ArcelorMittal lance un méga-investissement de 1,3 milliard d'euros à Dunkerque pour décarboner l'acier
ArcelorMittal, le premier producteur d'acier en Europe, a officialisé un investissement colossal de 1,3 milliard d'euros pour construire un four électrique géant sur son site sidérurgique de Dunkerque, dans le Nord. Ce projet, dont le démarrage est prévu pour 2029, vise à produire de l'acier avec trois fois moins d'émissions de CO2 que les méthodes traditionnelles, réduisant les émissions à environ 0,6 tonne de CO2 par tonne d'acier. Cependant, cet investissement est moins ambitieux que prévu, car il était initialement estimé à 1,8 milliard d'euros en 2025, suscitant des critiques sur son ampleur et son timing.

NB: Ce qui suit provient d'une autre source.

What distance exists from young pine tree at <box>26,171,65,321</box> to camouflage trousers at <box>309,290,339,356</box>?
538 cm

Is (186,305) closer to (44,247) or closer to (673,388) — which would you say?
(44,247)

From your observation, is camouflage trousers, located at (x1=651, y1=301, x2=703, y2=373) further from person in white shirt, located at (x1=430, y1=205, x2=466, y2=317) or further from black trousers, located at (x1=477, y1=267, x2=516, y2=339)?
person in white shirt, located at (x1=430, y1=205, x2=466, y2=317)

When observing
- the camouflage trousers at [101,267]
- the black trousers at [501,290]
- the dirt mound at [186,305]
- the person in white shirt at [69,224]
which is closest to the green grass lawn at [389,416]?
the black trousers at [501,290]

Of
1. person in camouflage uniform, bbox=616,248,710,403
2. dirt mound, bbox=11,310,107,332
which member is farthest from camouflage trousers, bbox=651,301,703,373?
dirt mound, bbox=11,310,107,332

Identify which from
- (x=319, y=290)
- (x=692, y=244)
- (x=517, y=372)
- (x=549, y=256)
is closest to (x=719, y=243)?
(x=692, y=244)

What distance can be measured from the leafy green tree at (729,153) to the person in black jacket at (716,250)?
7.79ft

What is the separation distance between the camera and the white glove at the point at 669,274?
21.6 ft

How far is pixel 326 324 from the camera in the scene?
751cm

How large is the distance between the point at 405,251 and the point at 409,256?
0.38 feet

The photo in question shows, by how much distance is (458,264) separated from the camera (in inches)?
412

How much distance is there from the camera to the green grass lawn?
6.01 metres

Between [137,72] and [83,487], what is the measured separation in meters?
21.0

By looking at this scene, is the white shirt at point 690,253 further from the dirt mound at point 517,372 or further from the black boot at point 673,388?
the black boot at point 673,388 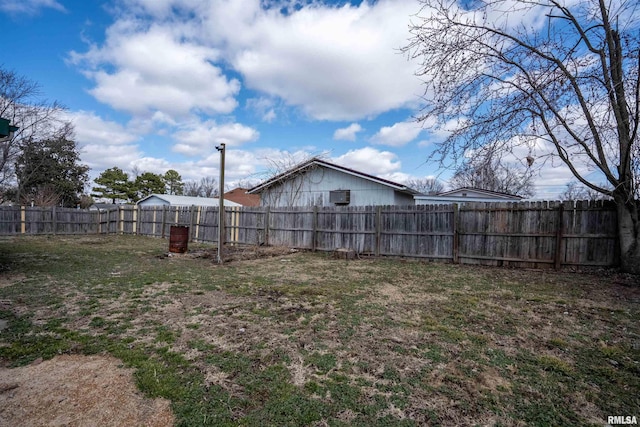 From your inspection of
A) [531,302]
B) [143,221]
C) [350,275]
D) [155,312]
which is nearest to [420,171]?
[350,275]

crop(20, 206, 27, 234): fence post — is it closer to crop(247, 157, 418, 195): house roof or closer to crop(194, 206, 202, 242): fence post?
crop(194, 206, 202, 242): fence post

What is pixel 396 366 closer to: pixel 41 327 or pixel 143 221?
pixel 41 327

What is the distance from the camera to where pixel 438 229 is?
340 inches

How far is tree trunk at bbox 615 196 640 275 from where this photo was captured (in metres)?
6.16

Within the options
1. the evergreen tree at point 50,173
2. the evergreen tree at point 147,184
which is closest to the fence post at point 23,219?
the evergreen tree at point 50,173

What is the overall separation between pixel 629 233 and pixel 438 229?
3.88 m

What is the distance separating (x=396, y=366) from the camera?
262cm

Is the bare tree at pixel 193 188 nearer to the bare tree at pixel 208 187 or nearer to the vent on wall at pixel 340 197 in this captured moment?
the bare tree at pixel 208 187

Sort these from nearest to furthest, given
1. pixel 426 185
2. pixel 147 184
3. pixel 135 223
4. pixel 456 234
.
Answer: pixel 456 234, pixel 135 223, pixel 147 184, pixel 426 185

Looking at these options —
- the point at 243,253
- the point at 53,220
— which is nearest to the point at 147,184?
the point at 53,220

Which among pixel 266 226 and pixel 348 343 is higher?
pixel 266 226

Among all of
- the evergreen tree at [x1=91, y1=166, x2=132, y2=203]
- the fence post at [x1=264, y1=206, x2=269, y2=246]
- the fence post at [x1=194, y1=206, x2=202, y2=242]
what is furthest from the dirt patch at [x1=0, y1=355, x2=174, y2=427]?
the evergreen tree at [x1=91, y1=166, x2=132, y2=203]

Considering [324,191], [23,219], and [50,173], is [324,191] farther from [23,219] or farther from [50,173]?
[50,173]

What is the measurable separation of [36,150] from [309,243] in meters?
28.3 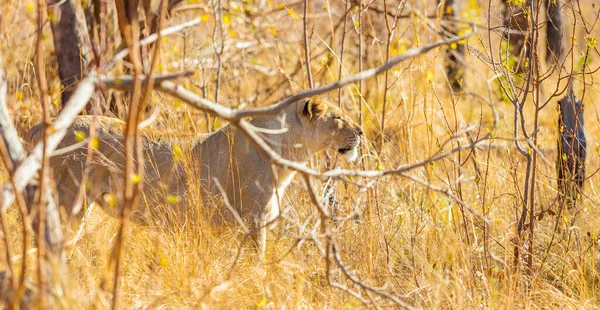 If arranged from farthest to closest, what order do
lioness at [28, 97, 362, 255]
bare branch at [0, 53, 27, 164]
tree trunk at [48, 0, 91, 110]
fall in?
tree trunk at [48, 0, 91, 110] → lioness at [28, 97, 362, 255] → bare branch at [0, 53, 27, 164]

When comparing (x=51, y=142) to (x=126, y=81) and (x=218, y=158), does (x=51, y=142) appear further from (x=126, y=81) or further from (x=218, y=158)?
(x=218, y=158)

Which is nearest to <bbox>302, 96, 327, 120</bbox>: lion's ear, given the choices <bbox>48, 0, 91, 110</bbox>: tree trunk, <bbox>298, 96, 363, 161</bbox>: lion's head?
<bbox>298, 96, 363, 161</bbox>: lion's head

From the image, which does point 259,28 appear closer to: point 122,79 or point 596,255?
point 596,255

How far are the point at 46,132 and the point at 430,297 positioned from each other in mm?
2163

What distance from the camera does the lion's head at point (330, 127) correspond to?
4.81m

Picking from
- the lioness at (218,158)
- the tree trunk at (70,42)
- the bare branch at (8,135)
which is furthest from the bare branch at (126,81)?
the tree trunk at (70,42)

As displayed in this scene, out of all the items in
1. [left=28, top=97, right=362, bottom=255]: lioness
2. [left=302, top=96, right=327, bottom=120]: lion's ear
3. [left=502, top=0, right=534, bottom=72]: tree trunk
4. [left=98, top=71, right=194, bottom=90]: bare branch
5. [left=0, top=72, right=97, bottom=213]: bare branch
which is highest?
[left=502, top=0, right=534, bottom=72]: tree trunk

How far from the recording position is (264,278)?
12.9 ft

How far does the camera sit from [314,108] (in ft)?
15.8

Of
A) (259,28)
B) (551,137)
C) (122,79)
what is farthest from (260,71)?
(122,79)

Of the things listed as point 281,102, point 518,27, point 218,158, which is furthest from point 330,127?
point 281,102

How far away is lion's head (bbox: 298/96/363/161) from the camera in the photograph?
4.81 meters

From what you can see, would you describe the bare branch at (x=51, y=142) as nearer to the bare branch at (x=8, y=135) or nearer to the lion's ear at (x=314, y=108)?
the bare branch at (x=8, y=135)

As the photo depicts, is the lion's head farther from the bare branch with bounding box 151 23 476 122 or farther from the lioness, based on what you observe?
the bare branch with bounding box 151 23 476 122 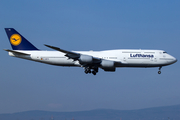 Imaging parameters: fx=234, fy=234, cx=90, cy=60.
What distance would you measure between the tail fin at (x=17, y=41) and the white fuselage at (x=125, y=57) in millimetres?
2991

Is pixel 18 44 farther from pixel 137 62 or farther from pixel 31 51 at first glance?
pixel 137 62

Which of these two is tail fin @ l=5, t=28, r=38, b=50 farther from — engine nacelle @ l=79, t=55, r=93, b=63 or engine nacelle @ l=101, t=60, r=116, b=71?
engine nacelle @ l=101, t=60, r=116, b=71

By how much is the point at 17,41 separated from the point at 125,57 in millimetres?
20177

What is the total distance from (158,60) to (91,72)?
11679 millimetres

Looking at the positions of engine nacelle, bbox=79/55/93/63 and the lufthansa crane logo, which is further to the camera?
the lufthansa crane logo

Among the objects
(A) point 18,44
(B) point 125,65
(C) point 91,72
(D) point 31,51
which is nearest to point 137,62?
(B) point 125,65

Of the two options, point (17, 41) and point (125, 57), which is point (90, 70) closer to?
point (125, 57)

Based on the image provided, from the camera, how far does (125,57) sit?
129ft

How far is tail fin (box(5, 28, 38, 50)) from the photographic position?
43.2 m

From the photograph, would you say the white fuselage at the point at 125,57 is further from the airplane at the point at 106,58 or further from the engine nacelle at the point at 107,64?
the engine nacelle at the point at 107,64

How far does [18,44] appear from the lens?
43.4 metres

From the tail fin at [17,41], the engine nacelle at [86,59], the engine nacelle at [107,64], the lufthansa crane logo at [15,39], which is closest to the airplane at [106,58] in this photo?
the engine nacelle at [107,64]

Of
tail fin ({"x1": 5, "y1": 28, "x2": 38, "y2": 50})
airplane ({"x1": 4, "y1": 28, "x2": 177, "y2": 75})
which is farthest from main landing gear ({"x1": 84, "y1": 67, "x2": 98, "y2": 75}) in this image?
tail fin ({"x1": 5, "y1": 28, "x2": 38, "y2": 50})

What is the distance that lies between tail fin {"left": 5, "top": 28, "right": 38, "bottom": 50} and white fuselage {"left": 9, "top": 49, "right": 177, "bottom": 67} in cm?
299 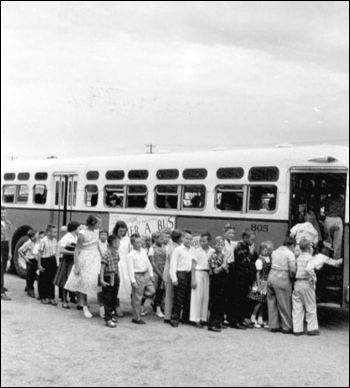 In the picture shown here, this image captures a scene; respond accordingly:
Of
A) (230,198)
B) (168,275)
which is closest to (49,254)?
(168,275)

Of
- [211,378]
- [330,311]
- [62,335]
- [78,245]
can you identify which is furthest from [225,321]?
[330,311]

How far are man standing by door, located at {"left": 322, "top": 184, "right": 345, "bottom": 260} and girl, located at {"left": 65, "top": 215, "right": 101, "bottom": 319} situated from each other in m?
1.59

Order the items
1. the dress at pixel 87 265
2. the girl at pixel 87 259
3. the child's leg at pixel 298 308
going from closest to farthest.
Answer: the child's leg at pixel 298 308, the girl at pixel 87 259, the dress at pixel 87 265

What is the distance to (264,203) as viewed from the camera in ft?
14.4

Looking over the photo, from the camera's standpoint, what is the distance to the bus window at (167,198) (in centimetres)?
415

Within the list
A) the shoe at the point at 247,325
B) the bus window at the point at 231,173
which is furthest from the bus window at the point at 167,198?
the shoe at the point at 247,325

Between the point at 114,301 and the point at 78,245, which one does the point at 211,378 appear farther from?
the point at 78,245

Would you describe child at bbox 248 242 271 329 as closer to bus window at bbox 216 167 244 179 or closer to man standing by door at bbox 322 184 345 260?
man standing by door at bbox 322 184 345 260

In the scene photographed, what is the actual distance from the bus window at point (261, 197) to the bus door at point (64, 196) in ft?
4.69

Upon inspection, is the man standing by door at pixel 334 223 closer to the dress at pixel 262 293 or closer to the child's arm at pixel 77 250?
the dress at pixel 262 293

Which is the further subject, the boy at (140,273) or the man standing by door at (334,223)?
the boy at (140,273)

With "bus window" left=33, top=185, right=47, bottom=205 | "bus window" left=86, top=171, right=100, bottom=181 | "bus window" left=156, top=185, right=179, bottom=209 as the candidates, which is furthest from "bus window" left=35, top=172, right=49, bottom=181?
"bus window" left=156, top=185, right=179, bottom=209

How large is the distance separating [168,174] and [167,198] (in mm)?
256

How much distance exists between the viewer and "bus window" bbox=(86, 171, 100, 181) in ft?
14.0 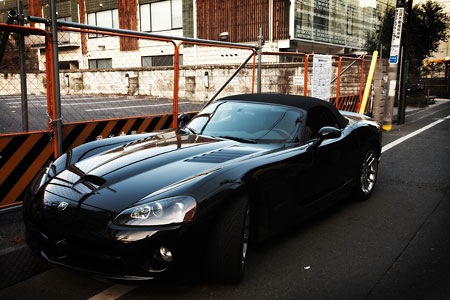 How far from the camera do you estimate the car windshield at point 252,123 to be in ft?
13.5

Un soutien massif de l'État pour un projet stratégique
L'investissement bénéficie d'un soutien public conséquent, avec 50% du financement assuré via les certificats d'économie d'énergie (CEE). La visite d'Emmanuel Macron sur le site de Dunkerque, accompagné du ministre de l'Économie et de l'Industrie, souligne l'importance stratégique de ce projet pour le gouvernement français. Aditya Mittal, directeur général d'ArcelorMittal, a salué cet engagement, affirmant que le soutien public a été déterminant dans la décision finale et met en avant l'évolution des règles européennes de protection du marché de l'acier.
Des conditions économiques enfin favorables pour sécuriser le projet
ArcelorMittal justifie ce projet par plusieurs évolutions récentes. Le renforcement des mesures européennes contre les importations d'acier déloyales, via le système de quotas tarifaires (TRQ), et la montée en puissance du mécanisme d'ajustement carbone aux frontières (MACF) offrent une meilleure protection commerciale. De plus, un contrat d'approvisionnement en électricité bas carbone signé avec EDF garantit une énergie compétitive à long terme, essentielle pour ce four électrique très gourmand en énergie. Ces éléments combinés donnent, selon la direction, la confiance nécessaire pour lancer ce chantier.
Un investissement jugé trop tardif et insuffisant par les syndicats
Malgré ces avancées, le projet est vivement critiqué pour son retard et son manque d'ambition. Annoncée dès 2020-2021, la stratégie de décarbonation d'ArcelorMittal en Europe a pris du retard, avec des investissements ralentis ou conditionnés depuis 2023 en raison des coûts énergétiques élevés et d'une demande affaiblie. La CFDT a annoncé boycotter la visite d'Emmanuel Macron, dénonçant un plan acier "largement façonné par et pour ArcelorMittal" avec des aides publiques sans contreparties sociales. Le syndicat souligne que des centaines d'emplois ont été supprimés en France, notamment 600 postes annoncés en avril 2025, et s'alarme des menaces persistantes sur l'emploi.
Dunkerque, pilier de la transformation européenne de l'acier
Avec cet investissement, Dunkerque devient un site clé pour la décarbonation de l'industrie sidérurgique européenne. Le site, déjà l'un des plus grands complexes du continent, accueillera un four électrique d'une capacité de 2 millions de tonnes d'acier par an, marquant une transition vers un modèle moins dépendant du charbon. En parallèle, ArcelorMittal lance une unité d'aciers électriques à Mardyck pour 500 millions d'euros supplémentaires, destinée à l'automobile et à l'électrification industrielle. Ce projet sert de test pour l'ensemble de la sidérurgie européenne, avec des enjeux de compétitivité face aux importations à bas coût.
Pour le gouvernement français et l'Union européenne, l'objectif est de démontrer qu'une sidérurgie décarbonée et rentable reste possible en Europe. Cependant, les critiques syndicales rappellent que les défis sociaux et économiques persistent, avec un besoin de transparence et d'équilibre entre innovation environnementale et protection des emplois.